Recently, I got to work on a project kind of a Video Library where admins should be able to upload videos and the end users should be able to search inside the transcriptions of the videos.

Although this article can be useful for you if you’re handling file transfers & file operations.

Conditions that I was supposed to keep in mind:

  1. App Engine standard environment doesn’t allow file uploading more than 32 MB in size to Cloud Storage directly.
    - Solution: Resumable upload using Signed URLs, upload from browser by Xhr requests — Chunk Uploading
  2. Video to Audio conversion and transcription should not happen in Cloud Functions because of TIMEOUT issue.
    - Solution: Compute Engine(The only thing you can always rely on!)
  3. An acknowledgement is necessary within 9 minutes from the subscriber for a published message. Video processing can take more time.
    -Solution: Acknowledge as soon as received and process afterwards.(It was problematic initially)
Architecture Diagram - v1

Roles:

  1. App Engine:
    1. Generate Signed URL by making request to Cloud Storage
  2. Cloud Function(Storage trigger event - google.storage.object.finalize):
    1. Load file data in Datastore
    2. Publish message(Pub/Sub) File data along with Datastore key-id & key-kind (key-id and key-kind are the best combination to fetch a result from datastore using Cloud Client Library or ndb and is much better than querying)
  3. Compute Engine:
    1. Download the Video from GCS
    2. Convert to Audio(FLAC is recommended) and upload it to GCS Bucket(longer audios can not be given as the source to Cloud Speech API)
    3. Load the Cloud Speech API response to BigQuey or any suitable database
    4. Log the processes and statuses

I’ve always loved loosely coupled applications but I was a little unhappy with this Architecture diagram. As long as I was losing control over data at the cloud function, an improvement was required. The cloud function will have event as the argument given by Cloud Storage and there, I was not able to provide any other parameters in Cloud Function definition.

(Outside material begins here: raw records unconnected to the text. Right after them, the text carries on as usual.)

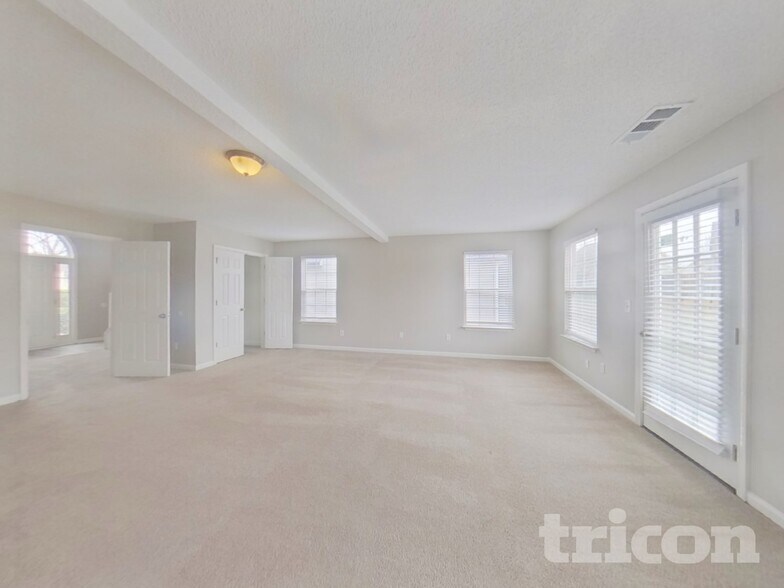 Building Photo - 11842 Registry Blvd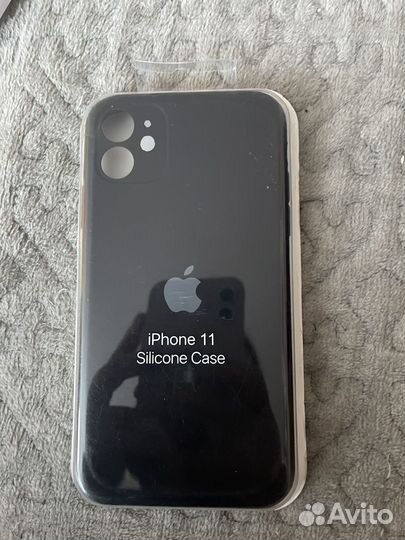 Чехол на iPhone 11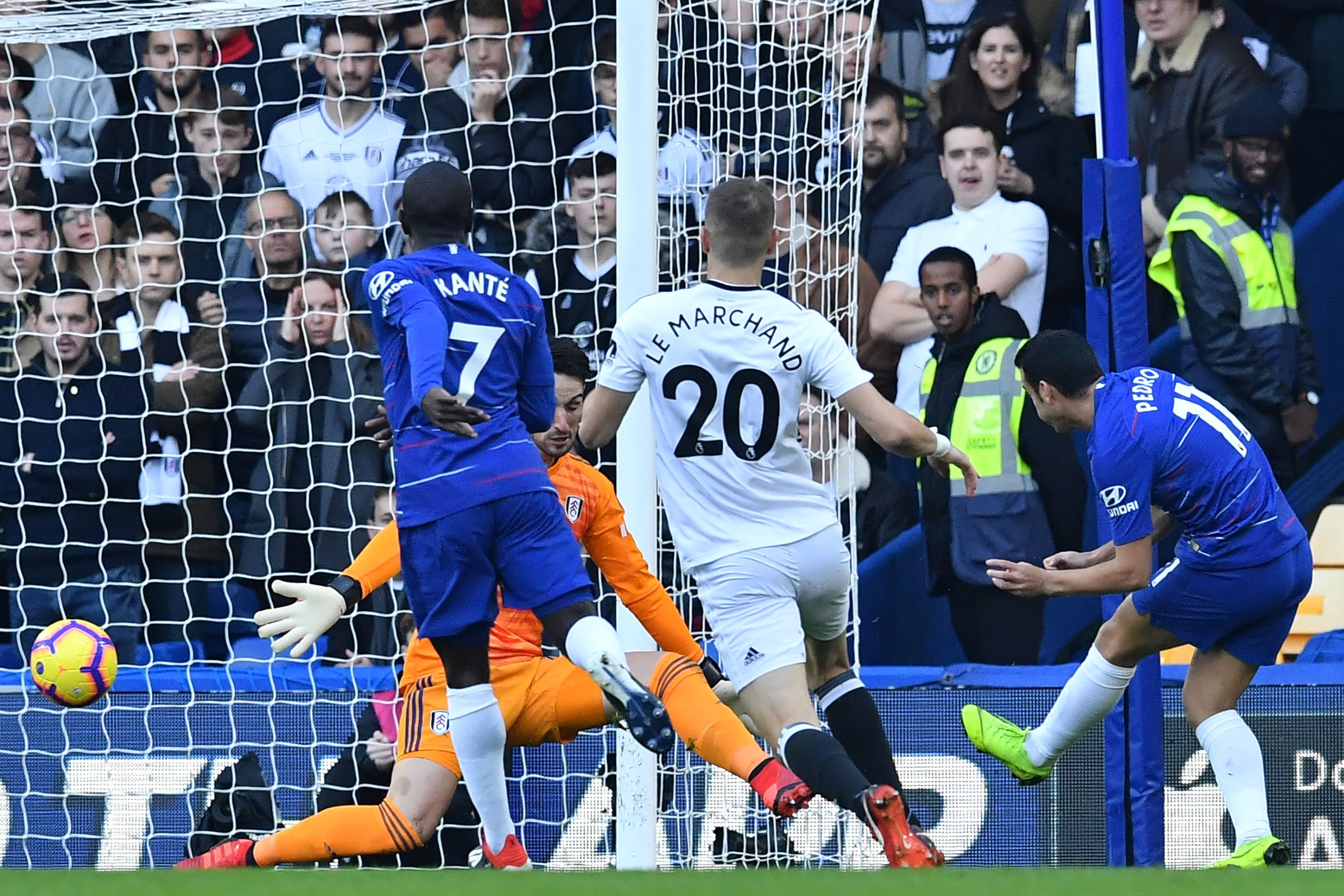 chelsea fulham pedro kante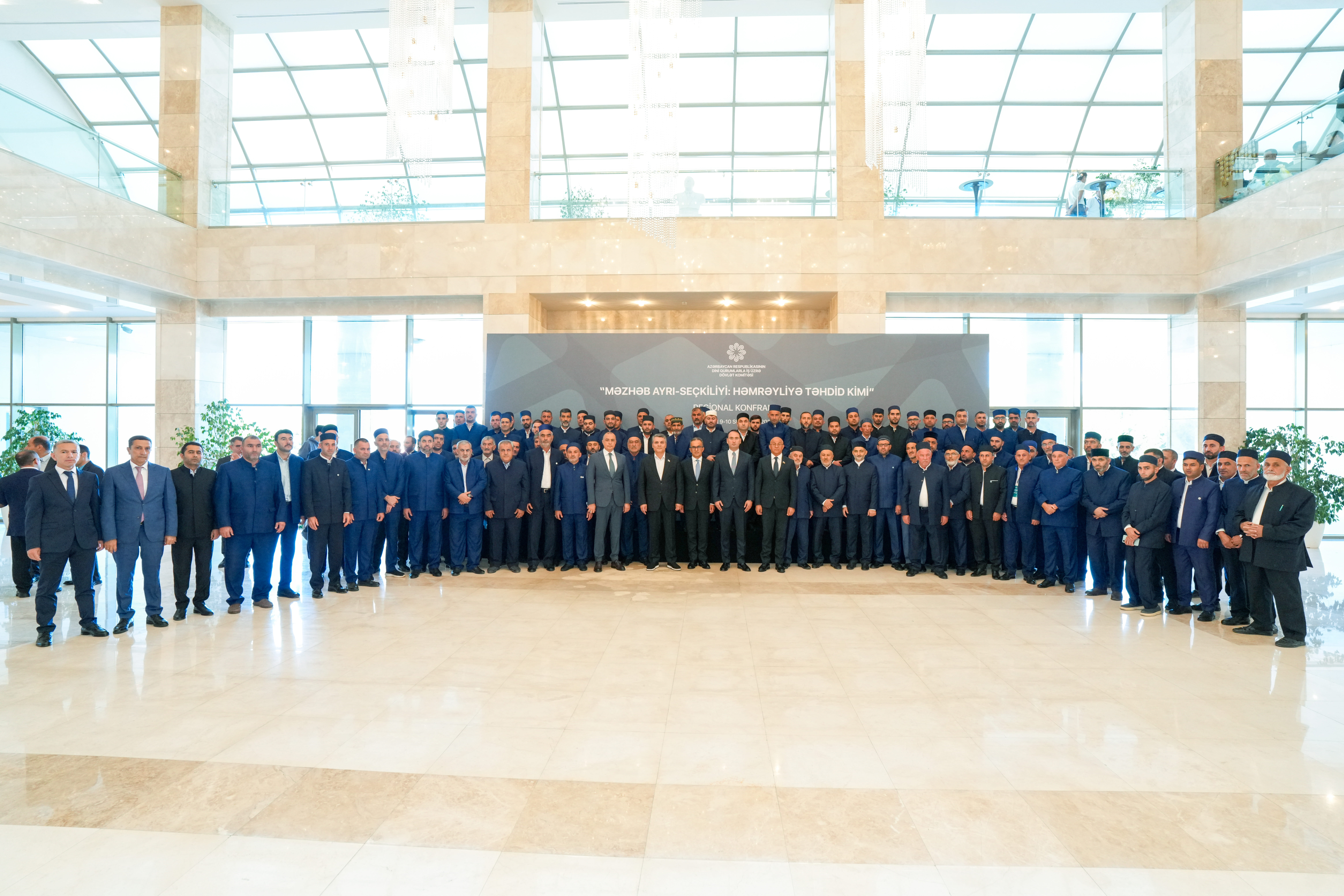 Ağdaşda “Məzhəb ayrı-seçkiliyi: həmrəyliyə təhdid kimi” mövzusunda regional konfrans keçirilir
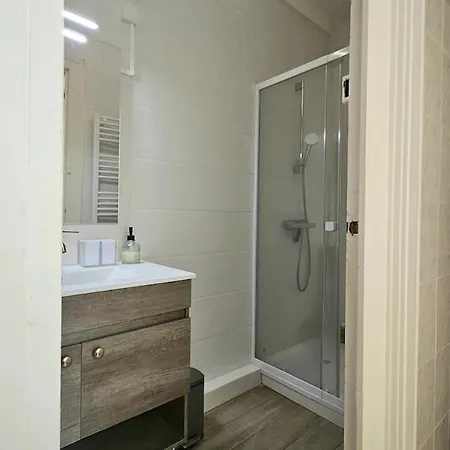 Porte Rouge Апартаменты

The requirements are always meant to be added/modified. Same shot me,
While uploading a video, admins should be able to provide custom information which has to be stores in Datastore and BigQuery. The loss of control in Arguments and Parameters at Cloud Function enforced me to make changes in.

Necessary changes:

  1. Cloud Functions has to be eliminated by moving the steps done by it to App Engine.
    Unpleasant Impacts:
    When an admin uploads a video, 
    Limitation 1:
    App Engine would be generating a signed URL and publishing(Pub/Sub) a message for a file. While the uploading would be still ongoing, published message will be subscribed. and will start processing.
    Limitation 2:
    While processing, the acknowledgement can not be given at the end of processing(processing might take > 9 minutes). If acknowledgment is given for the message once message is received and process it, the next published message will be subscribed(Flow Control became point less). As VM is smaller in configuration, It might run after memory in case of multiple videos are uploaded at the same time.

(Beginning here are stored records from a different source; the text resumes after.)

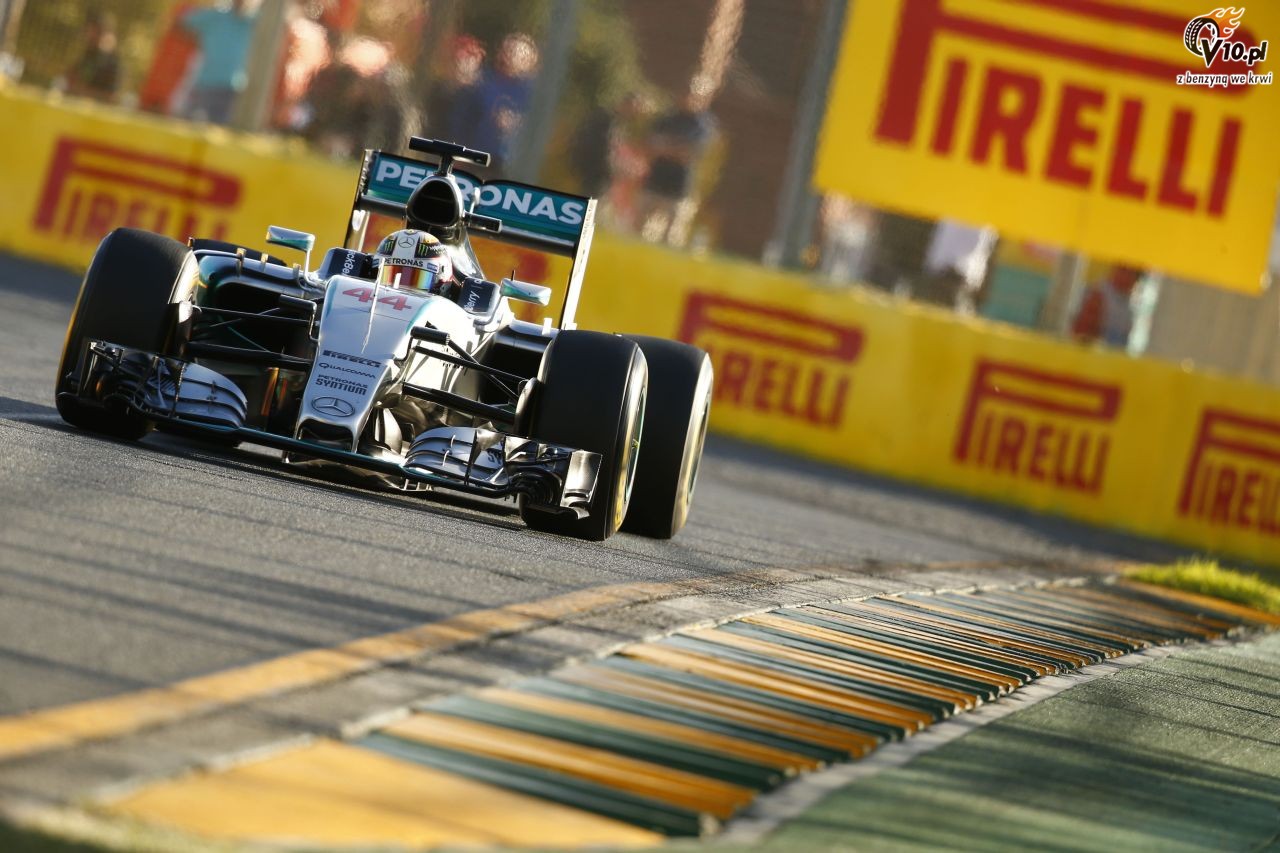 Red Bull wzywa FIA do spowolnienia Mercedesa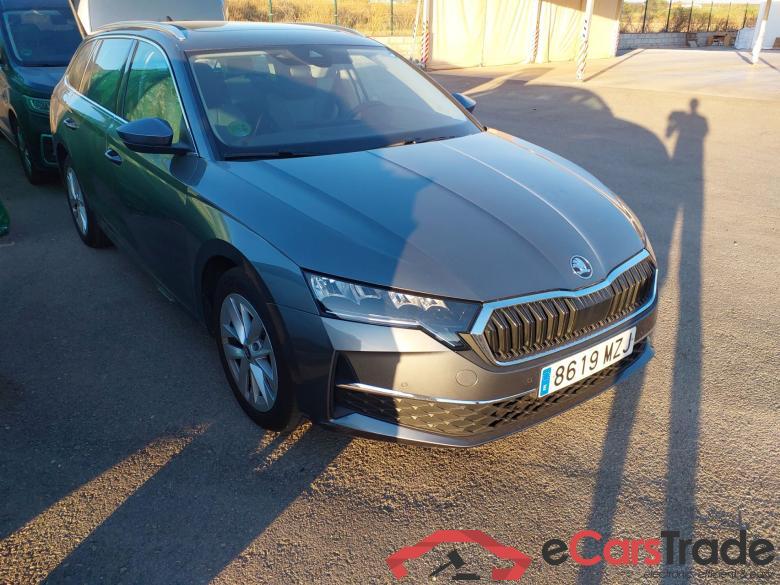 SKODA Octavia 2.0 TDI 110 kW (150CV) DSG 7 vel Automático Combi Design (Pano) #1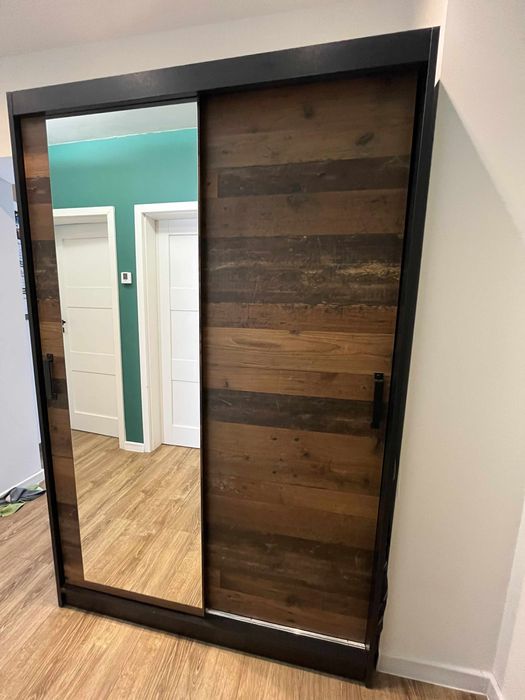 Szafa z drzwiami przesuwnymi z lustrem 130x200x45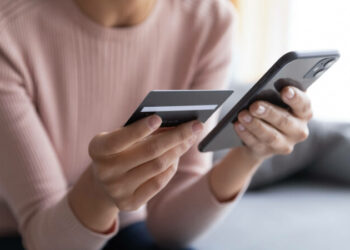 „ȚEAPA VINE ONLINE” – Cum se apără botoșănenii de escrocii digitali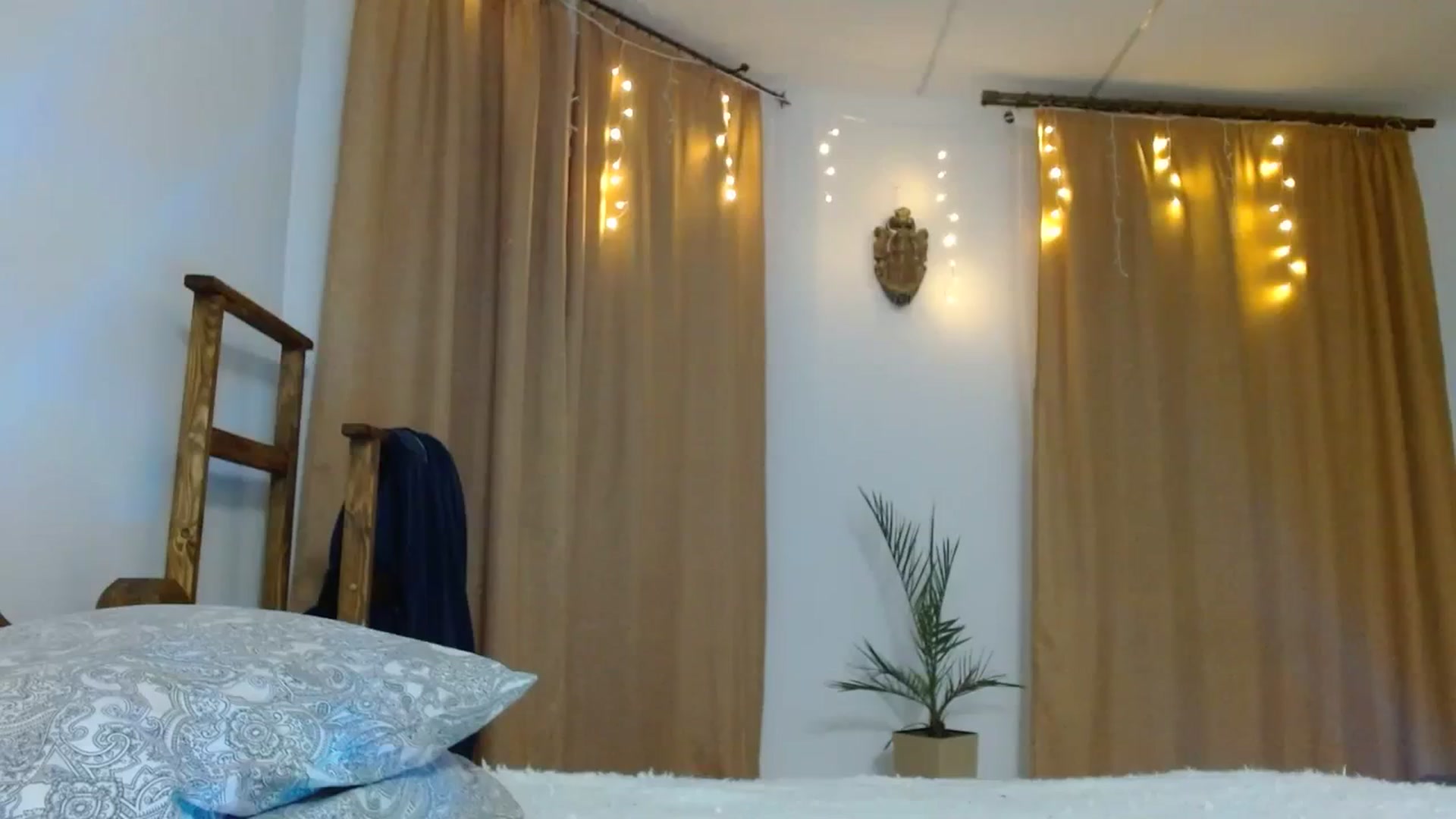 Gallery image thumbnail from UGLYGIRL_'s myfreecams stream on, 01/05/2024, 22:11 image 6 of 20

Messaging Queue - the Savior

Using a messaging broker like RabbitMQ in the Compute Engine with a right flow chart helped to overcome the problems of eliminating Cloud Functions. As I had to choose cost factor over instant processing, I had to use less configuration VM. Hence, sequential processing was must instead of parallel.

Architecture Diagram - v2

Below code subscribes published messages and pushes into a RabbitMQ queue to be consumed as wish and acknowledges to the piblished quickly.

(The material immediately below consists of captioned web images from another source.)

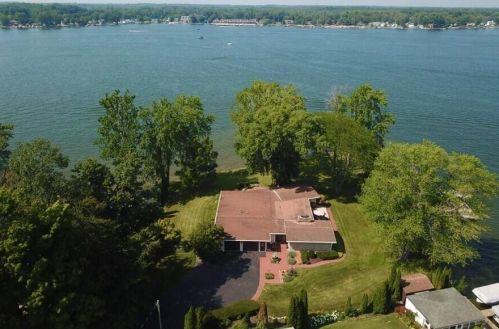 7206 Beechwood Cir, Watervliet, MI 49098-9329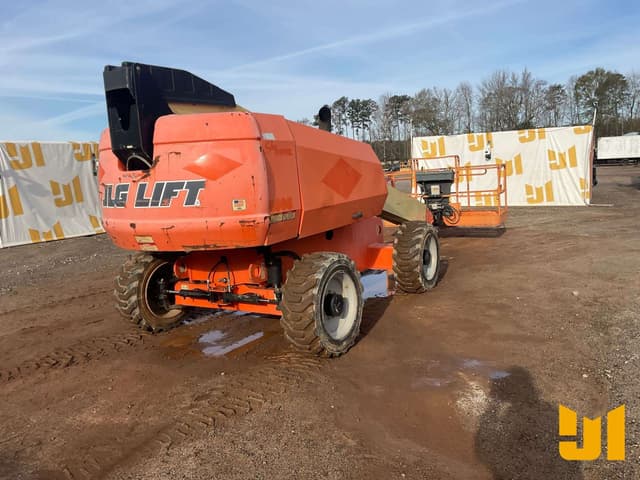 Image of JLG 600S equipment image 3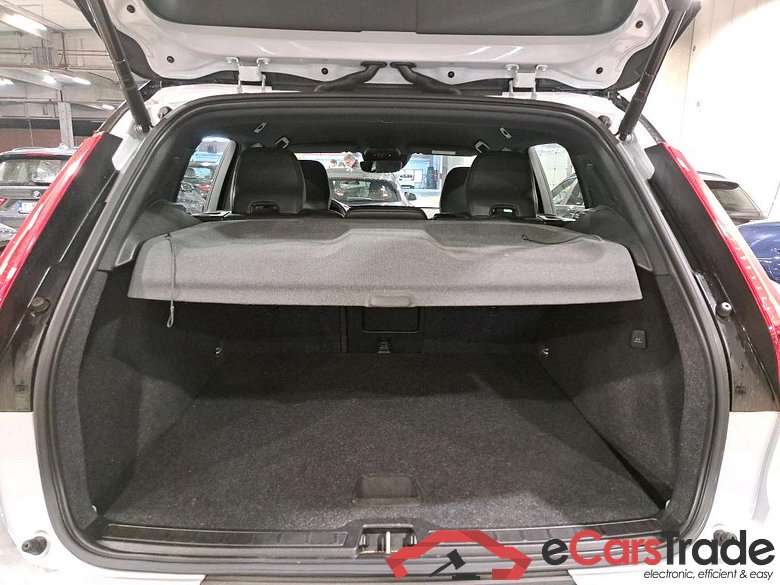 VOLVO XC40 1.5 T3 R-Design #4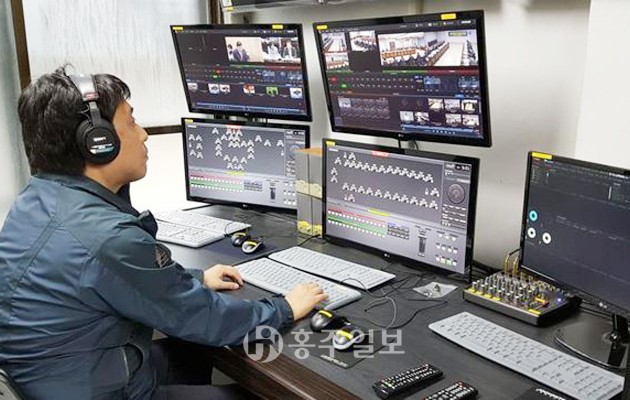 홍성군은 지난 7월부터 군정 및 의정을 광대역 통합정보통신망을 이용해 실시간으로 방영하는 IPTV 통합방송시스템을 설치했으며, 2개월간 서비스 시연을 거쳐 본격적으로 방영한다.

Following the below flow chart helped to avoid the mess like

  1. Subscriber receives the next message right after acknowledging the current message when Flow Control is set. The best practice is to acknowledge the message once operation is done over it. Pub/Sub messages should be queued and be processed outside of pub/sub context in operations those take more time(> 9 mins) to ensure the proper operational execution.
Flow Chart - v1 for Architecture Diagram - v2

Tips:

  1. Delivery tags of RabbitMQ messages can be used to attempt number of retries in the cases of failed operations as it starts from 1 for every new message and gets increased by one for every requeue=true.
  2. Delay is advised to keep before rejecting a message.